I tried posting the following over at Roy Spencer’s blog, but it has been stuck in modertion for three days. (it seems that the spam filter did not like the links)
Christopher Game, thanks your reply of September 22, 2010 at 12:26 PM , Concerning the potential feedback resulting from evapotranspiration. (E-T)
The IPCC has estimated in 4AR that the forcing for anthro’ CO2 is about 1.7 W/m^2, and that the net for all anthropogenic forcings is about the same value.
http://en.wikipedia.org/wiki/File:Radiative-forcings.svg
Adding to my earlier comment, according to Trenberth, 2007 levels of E-T resulted in a forcing of -78 W/m^2. Thus, without disputing his numbers, if (E-T) were to increase by say 1% in order to achieve some arbitrary increased water vapour level, there would be a feedback of -0.78 W/m^2, which is rather significant by comparison.
Dare I add that Trenberth also gives “Thermals” as another -24 W/m^2, and that I think that there should also be an increase in thermals too.
Add clouds, and how now to 2xCO2 sensitivity, I would think.
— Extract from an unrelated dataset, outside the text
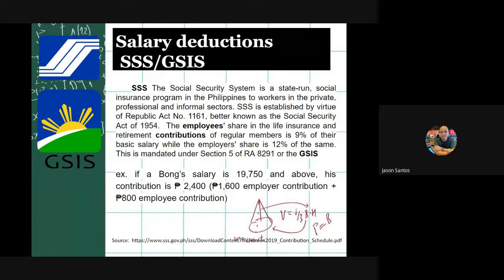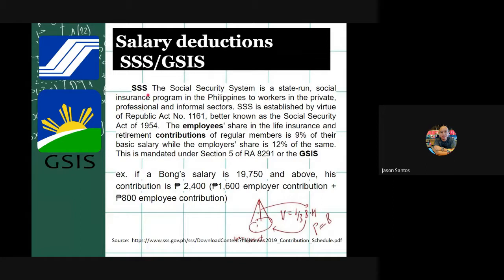The second deduction is SSS and GSIS. SSS, or the Social Security System, is a state-run social insurance program in the Philippines for workers in the private, professional, and informal sectors. It was established by Republic Act No. 1161, known as the Social Security Act of 1954. An employee's share in the life insurance and retirement contributions is 9% of their basic salary, while the employer share is 12% of the same. This is mandated under RA 8291, or the GSIS Act.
If you need it, the Trenberth chart is here:
http://www.flickr.com/photos/26175880@N05/3065365160/
What do you think?
barry says:
September 17, 2010 at 10:05 am
Now, if the stratosphere showed no cooling over a climatically significant period (25 years would do), then that would be a big problem for AGW. A cooling stratosphere IS a signature of AGW. If the sun was heating the atmosphere, the stratosphere would heat, too.
Over the long term, the stratosphere has been cooling.
“Scientific Assessment of Ozone Depletion: 2010
New analyses of both satellite and radiosonde data give increased confidence in
changes in stratospheric temperatures between 1980 and 2009. The global-mean
lower stratosphere cooled by 1–2 K and the upper stratosphere cooled by 4–6 K between1980 and 1995. There have been no significant long-term trends in global-mean lower stratospheric temperatures since about 1995. The global-mean lower-stratospheric cooling did not occur linearly but was manifested as downward steps in temperature in the early 1980s and the early 1990s. The cooling of the lower stratosphere includes the tropics and is not limited to extratropical regions as previously thought.